What was the first thing you ever wrote?
Fan-fiction of the Christian Bible, lol. I found some of the stories quite interesting, and wondered what it would be like to be a fly on the wall. So I rewrote a lot of the popular stories from the point-of-view of lesser characters: the owner of the donkey on which Jesus rode into Jerusalem, the guy who owned the room where the last supper was held, etc. It was fun while it lasted, which wasn’t very long.
Is that when you realised you were going to become a writer?
Perhaps? I don’t know if I ever realised. I’ve always known I wanted to tell stories somehow, but I was never quite sure when or via what medium. I simply kept following the various opportunities that presented themselves, and I guess I just woke up one day, realised I’d written a bunch of stuff and thought, “Shit, I guess I’m a author now.”
Would you come talk to my students/librarians/book club?
For sure! See speaking & appearances for more information.
When will you come visit my town?
If it’s in my plans, sure! Heck, maybe it already is. Scroll to the bottom of this website’s homepage to see all my forthcoming appearances.
Will you read my manuscript / query letter / synopsis / short story?
I want to, really. But I cannot. First, I have a blanket no-reading policy for copyright and legal purposes. Secondly, I barely have the time. I hope you understand!
How do you deal with writer’s block?
I take some time from the desk and go out and live for a bit. Play games, watch TV, bike, read, etc. Sometimes, I write in other genres. I think the antidote to a block is finding other ways to engage your brain, so that it can find the solution to your block problem in places you’re usually not looking.
What are your specific writing practices?
I write right after I’ve awoken–usually in the morning or after a siesta–and/or before I got to bed–usually at night. I barely write for more than two hours at a time. I always have a dedicated workspace wherever I live, but I switch up my writing spaces a lot to prevent a rut. As for the writing itself, I often outline before I begin a story, but sometimes, a story forces other methods, and I simply follow. For my most recent WIP, I didn’t outline at all–I plotted the whole story with sticky notes.
Any advice for new writers?
Whatever you’re writing, invest more in finishing it first than in anything else.
Will there be a David Mogo sequel?
There are no plans for a sequel to David Mogo, Godhunter at the moment. If that changes at any point in the future, I’d be sure to let you know!
When will the first book of The Nameless Republic trilogy be out?
When will your book get to my country?
I can’t say!
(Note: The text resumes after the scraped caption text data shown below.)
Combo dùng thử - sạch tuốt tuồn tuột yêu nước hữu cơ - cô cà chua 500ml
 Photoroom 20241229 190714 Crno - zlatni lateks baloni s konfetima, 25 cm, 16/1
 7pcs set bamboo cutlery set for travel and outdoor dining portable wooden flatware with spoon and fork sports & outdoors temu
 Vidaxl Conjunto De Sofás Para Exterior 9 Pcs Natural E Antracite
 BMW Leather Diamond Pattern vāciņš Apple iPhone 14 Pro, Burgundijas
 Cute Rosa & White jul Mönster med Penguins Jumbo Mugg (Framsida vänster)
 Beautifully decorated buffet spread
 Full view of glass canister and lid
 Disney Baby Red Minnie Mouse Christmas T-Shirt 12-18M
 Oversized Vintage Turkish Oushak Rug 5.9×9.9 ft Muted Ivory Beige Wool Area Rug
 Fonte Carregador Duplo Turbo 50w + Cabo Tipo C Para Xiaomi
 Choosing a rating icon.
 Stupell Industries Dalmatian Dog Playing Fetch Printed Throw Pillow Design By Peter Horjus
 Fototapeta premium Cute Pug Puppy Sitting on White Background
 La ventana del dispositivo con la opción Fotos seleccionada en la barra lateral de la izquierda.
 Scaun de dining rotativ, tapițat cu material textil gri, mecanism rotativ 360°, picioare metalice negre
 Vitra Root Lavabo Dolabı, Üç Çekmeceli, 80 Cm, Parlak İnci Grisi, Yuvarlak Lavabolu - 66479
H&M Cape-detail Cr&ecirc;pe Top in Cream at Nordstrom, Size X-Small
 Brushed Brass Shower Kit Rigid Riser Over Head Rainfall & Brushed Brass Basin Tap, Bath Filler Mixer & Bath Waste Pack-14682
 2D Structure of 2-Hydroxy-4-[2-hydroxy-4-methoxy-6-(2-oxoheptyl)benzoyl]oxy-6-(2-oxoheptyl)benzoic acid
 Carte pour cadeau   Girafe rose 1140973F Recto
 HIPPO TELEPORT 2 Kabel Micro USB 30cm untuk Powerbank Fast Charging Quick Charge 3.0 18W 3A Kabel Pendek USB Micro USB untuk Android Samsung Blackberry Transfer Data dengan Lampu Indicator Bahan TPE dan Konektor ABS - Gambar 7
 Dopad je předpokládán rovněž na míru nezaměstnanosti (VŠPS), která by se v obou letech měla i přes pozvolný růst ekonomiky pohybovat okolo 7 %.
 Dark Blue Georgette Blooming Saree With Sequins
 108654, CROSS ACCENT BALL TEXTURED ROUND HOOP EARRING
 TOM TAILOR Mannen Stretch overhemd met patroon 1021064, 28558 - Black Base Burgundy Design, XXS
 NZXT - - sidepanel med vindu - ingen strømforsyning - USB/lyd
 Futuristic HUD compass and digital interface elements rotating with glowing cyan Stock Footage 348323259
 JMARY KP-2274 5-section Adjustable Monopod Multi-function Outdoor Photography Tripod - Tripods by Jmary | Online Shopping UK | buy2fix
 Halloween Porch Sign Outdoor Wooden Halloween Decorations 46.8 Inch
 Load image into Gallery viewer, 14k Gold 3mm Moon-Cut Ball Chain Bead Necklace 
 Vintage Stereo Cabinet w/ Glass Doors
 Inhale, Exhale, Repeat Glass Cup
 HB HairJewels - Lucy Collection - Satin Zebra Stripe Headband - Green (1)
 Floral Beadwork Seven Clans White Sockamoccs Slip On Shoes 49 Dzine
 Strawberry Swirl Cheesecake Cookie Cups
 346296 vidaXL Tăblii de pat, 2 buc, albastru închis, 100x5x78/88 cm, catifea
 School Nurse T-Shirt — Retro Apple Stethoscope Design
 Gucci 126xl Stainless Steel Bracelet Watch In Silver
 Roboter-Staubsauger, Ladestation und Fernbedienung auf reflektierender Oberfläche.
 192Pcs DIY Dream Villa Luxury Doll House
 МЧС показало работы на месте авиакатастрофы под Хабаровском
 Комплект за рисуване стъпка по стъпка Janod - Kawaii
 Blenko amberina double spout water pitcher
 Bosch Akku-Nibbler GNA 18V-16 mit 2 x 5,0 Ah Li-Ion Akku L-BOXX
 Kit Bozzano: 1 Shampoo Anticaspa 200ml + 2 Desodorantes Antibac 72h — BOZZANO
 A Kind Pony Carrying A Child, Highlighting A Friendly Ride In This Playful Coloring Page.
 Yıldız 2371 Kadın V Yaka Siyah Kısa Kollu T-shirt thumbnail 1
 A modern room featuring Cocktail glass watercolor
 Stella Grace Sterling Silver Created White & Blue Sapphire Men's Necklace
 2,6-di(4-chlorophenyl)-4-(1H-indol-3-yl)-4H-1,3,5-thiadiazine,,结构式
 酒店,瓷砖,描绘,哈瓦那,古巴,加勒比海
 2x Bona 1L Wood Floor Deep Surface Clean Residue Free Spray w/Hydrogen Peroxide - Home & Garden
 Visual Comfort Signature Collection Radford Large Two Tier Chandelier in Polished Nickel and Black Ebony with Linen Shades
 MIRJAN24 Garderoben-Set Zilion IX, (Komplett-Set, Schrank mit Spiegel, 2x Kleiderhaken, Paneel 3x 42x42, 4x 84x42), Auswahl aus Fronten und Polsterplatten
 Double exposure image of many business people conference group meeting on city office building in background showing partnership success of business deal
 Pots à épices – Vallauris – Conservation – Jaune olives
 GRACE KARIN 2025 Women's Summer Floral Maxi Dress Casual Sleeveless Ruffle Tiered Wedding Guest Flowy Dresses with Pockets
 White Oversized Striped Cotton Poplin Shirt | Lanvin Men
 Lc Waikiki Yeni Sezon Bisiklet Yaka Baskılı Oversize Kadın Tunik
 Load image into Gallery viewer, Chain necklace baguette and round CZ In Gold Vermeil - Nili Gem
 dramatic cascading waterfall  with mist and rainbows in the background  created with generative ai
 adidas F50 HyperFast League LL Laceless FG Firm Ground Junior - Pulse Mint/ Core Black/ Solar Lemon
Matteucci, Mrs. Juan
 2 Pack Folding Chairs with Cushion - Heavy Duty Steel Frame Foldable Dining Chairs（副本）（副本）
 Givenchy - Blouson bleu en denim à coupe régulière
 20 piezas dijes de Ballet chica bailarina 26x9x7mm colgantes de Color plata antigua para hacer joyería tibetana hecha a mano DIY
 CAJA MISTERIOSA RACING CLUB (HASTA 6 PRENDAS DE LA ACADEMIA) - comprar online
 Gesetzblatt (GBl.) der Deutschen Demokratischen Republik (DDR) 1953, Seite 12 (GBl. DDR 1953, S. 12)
That’s completely between my agent and publisher and I have little to no influence on that process, sorry. But watch out for news, though!
Can we host your book on our digital platform?
That is a question you will need to raise directly with the publishers of my books. Kindly visit the contact page to raise said question with the respective publisher. If it’s a direct question about unsold digital rights to any of my books, then you will need to contact my agent for that.